→ **What you are asked to do**: Output the run of lines that opens with the first line of the material below and closes with the line containing "Europe style women's", both included, and drop the pictures.

→ **Data excerpts**:
· · · · ·
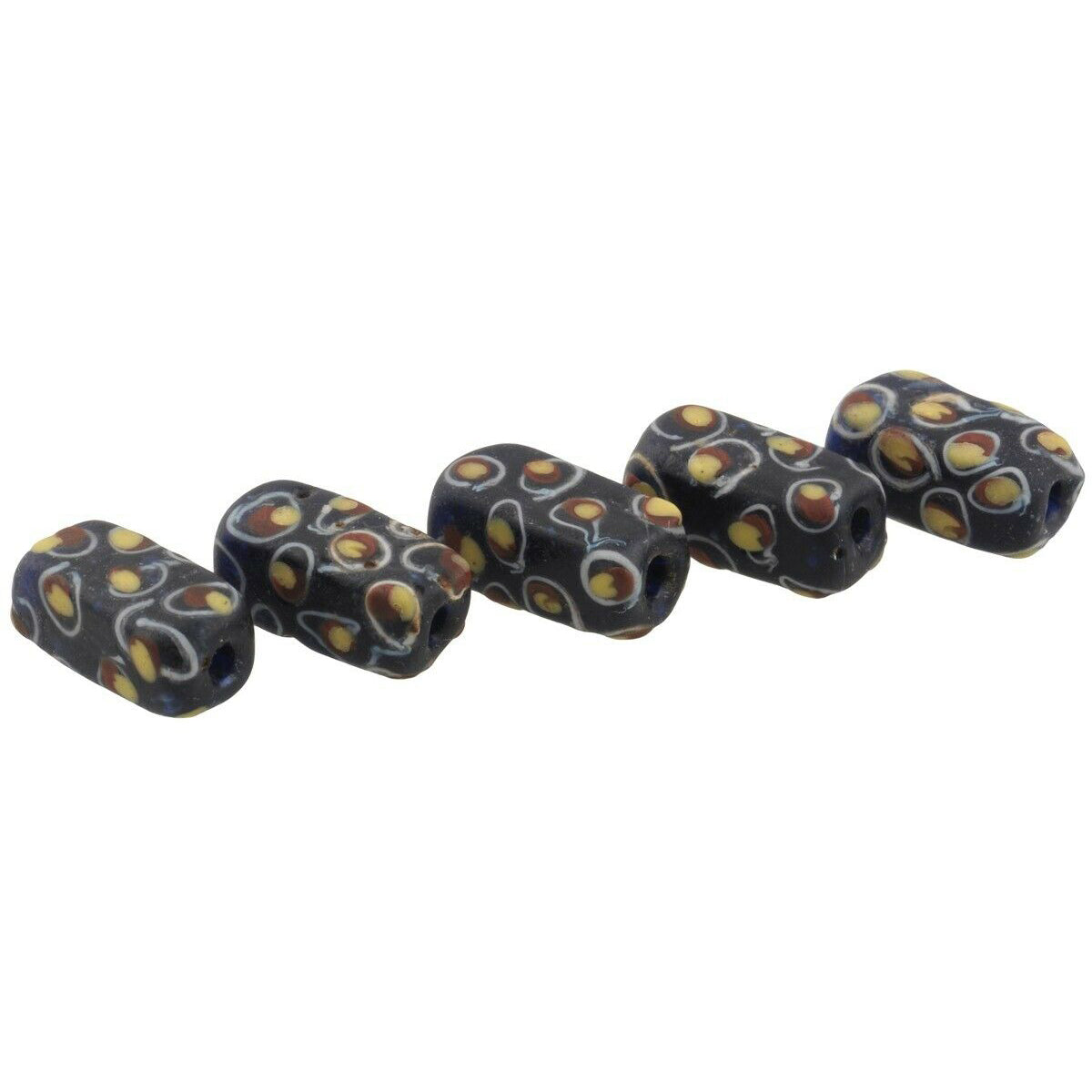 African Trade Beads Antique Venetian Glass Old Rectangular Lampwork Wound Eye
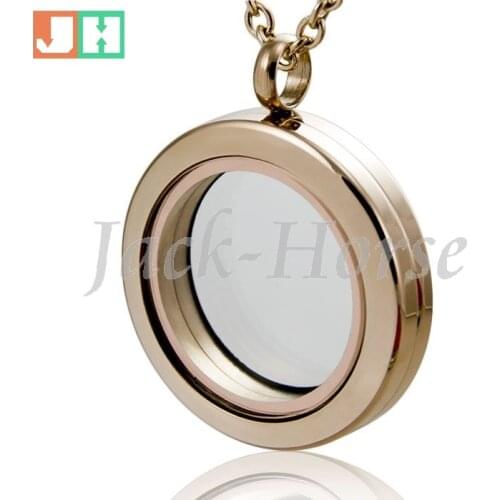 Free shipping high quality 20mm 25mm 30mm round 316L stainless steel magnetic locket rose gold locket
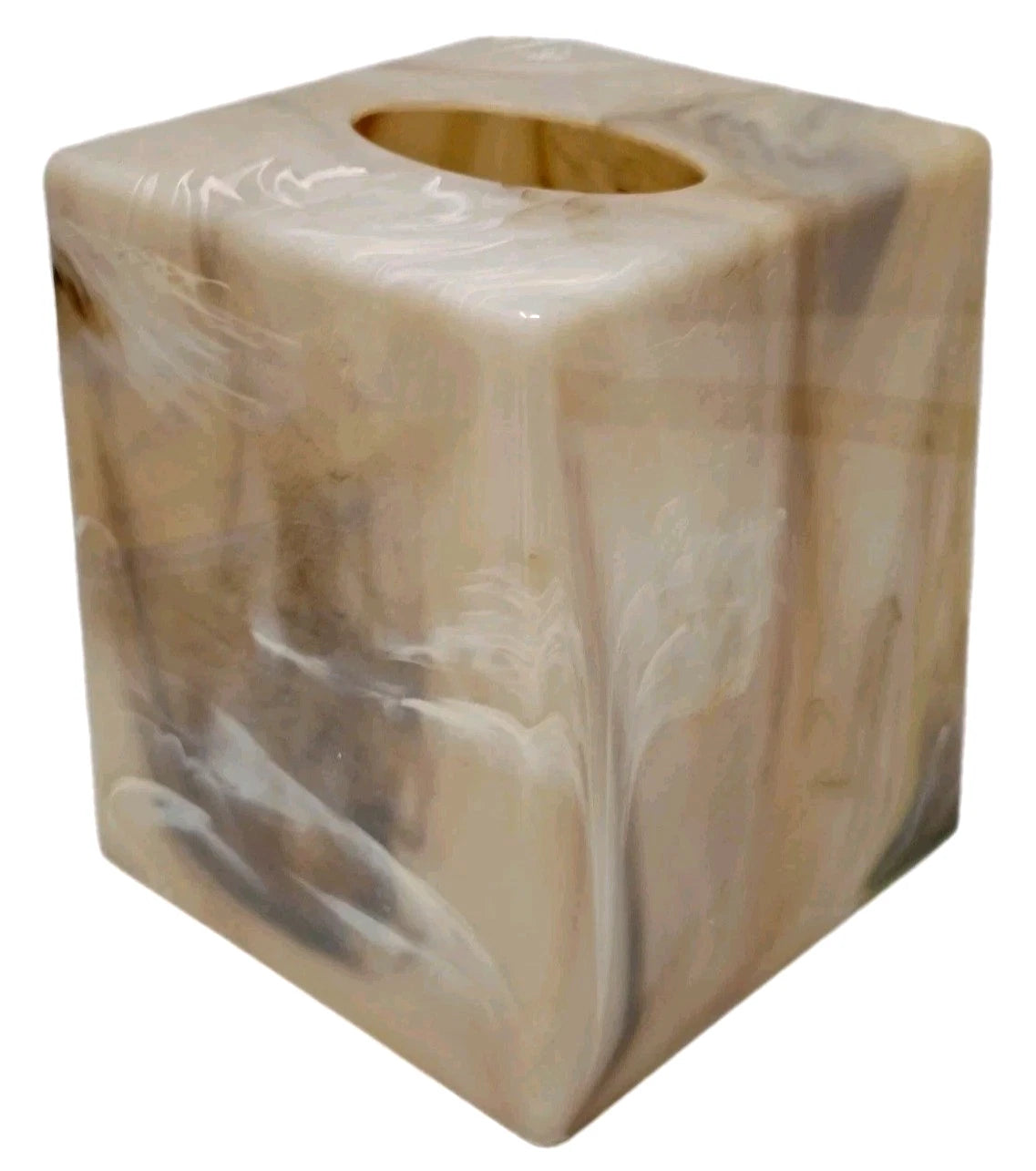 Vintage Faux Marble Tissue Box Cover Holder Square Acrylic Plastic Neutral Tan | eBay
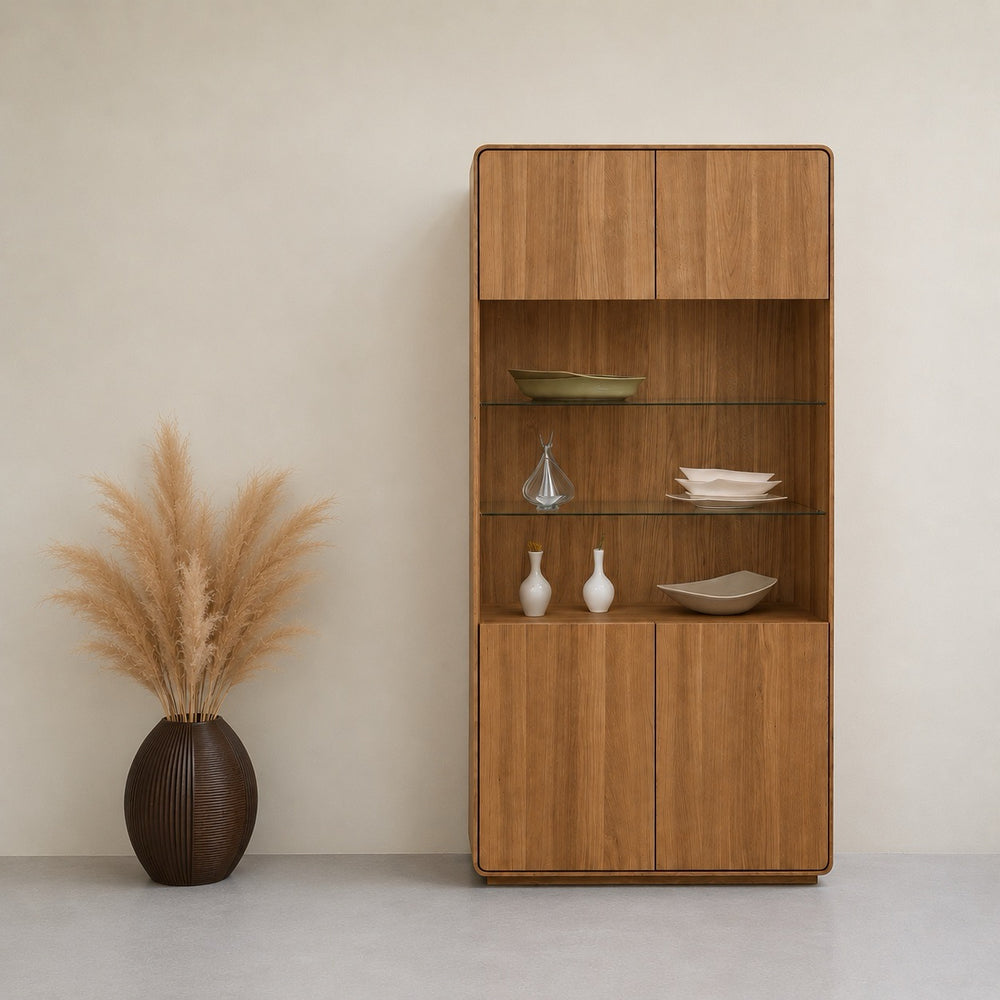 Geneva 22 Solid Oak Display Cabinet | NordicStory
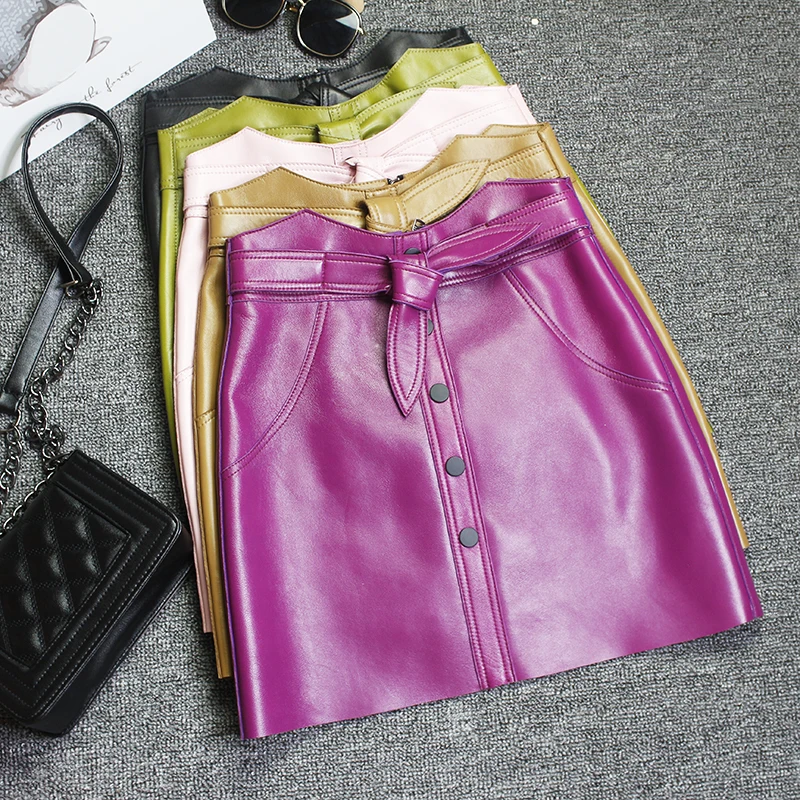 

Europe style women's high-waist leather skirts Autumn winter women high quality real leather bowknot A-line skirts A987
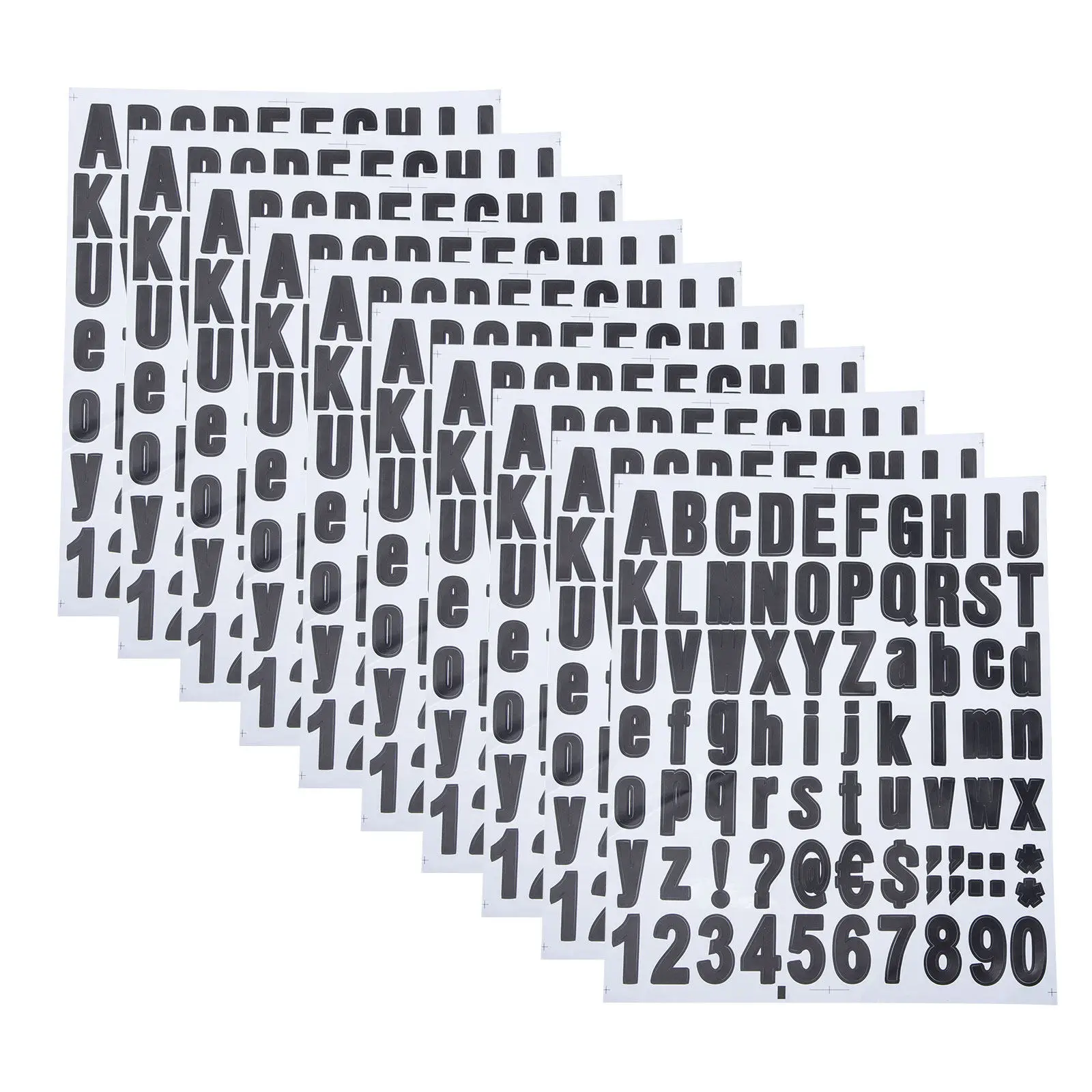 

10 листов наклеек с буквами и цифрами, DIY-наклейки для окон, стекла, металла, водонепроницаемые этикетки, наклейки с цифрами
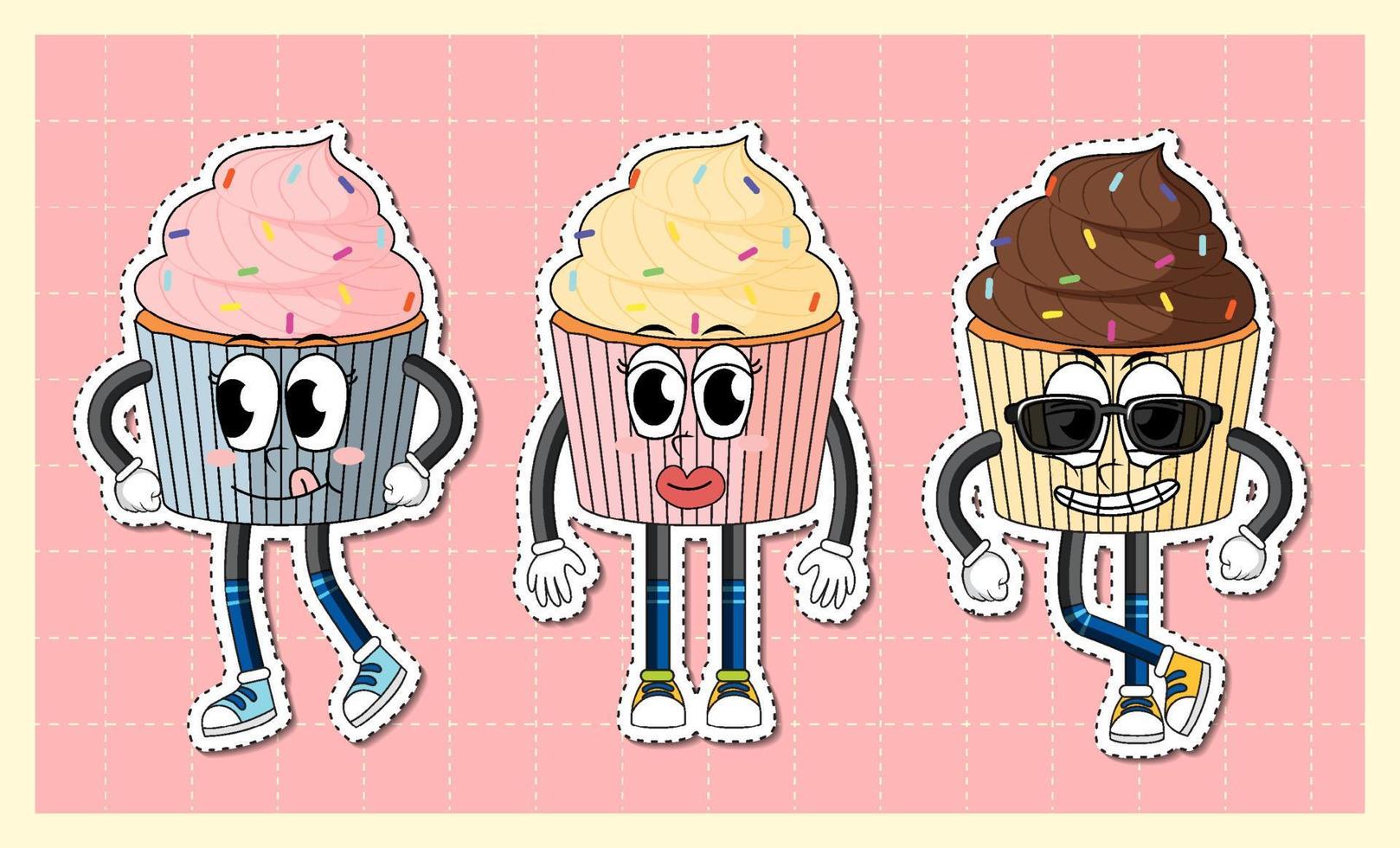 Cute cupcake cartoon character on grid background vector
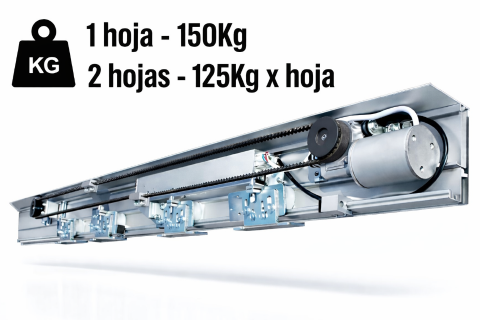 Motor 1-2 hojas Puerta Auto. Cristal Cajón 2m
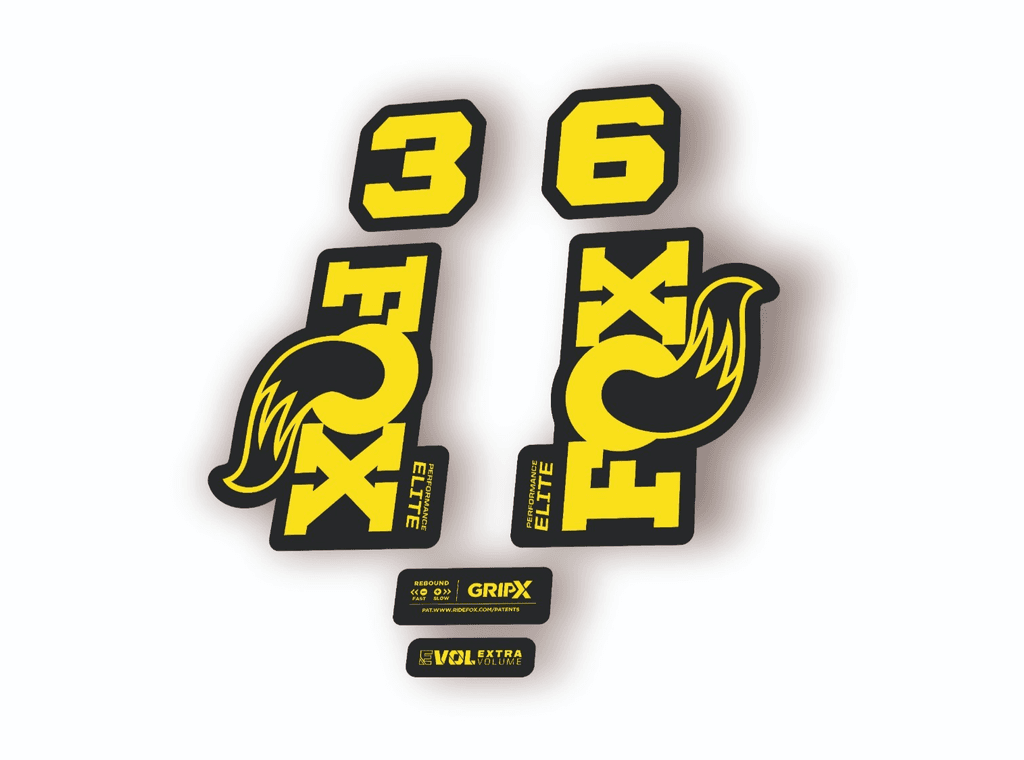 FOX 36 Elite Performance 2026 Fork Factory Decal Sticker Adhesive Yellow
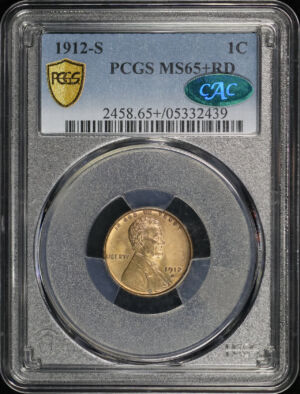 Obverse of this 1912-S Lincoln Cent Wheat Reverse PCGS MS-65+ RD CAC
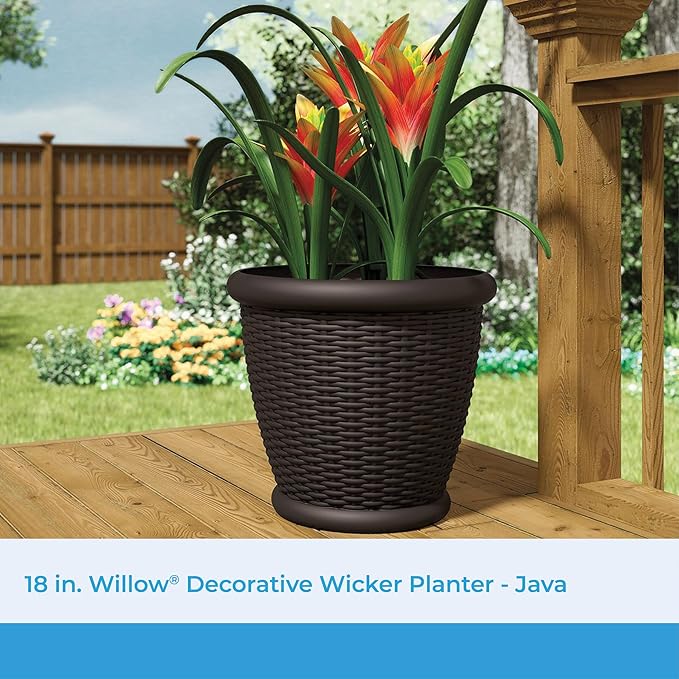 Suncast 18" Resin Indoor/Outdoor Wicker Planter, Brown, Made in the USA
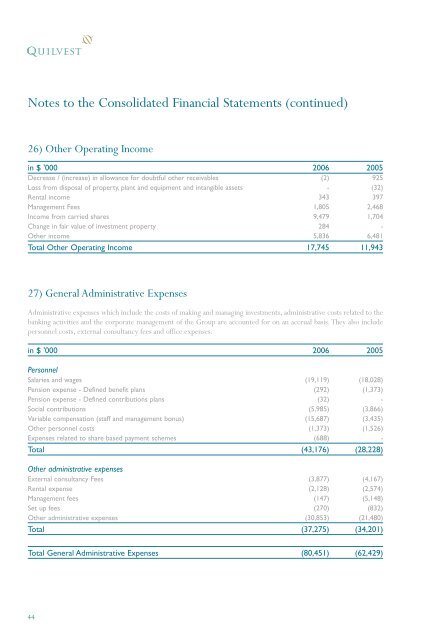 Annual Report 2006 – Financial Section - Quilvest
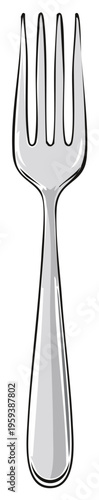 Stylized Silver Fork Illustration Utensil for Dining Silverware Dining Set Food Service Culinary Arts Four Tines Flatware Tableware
· · · · ·
→ **Response**:
 African Trade Beads Antique Venetian Glass Old Rectangular Lampwork Wound Eye
 Free shipping high quality 20mm 25mm 30mm round 316L stainless steel magnetic locket rose gold locket
 Vintage Faux Marble Tissue Box Cover Holder Square Acrylic Plastic Neutral Tan | eBay
 Geneva 22 Solid Oak Display Cabinet | NordicStory

Europe style women's high-waist leather skirts Autumn winter women high quality real leather bowknot A-line skirts A987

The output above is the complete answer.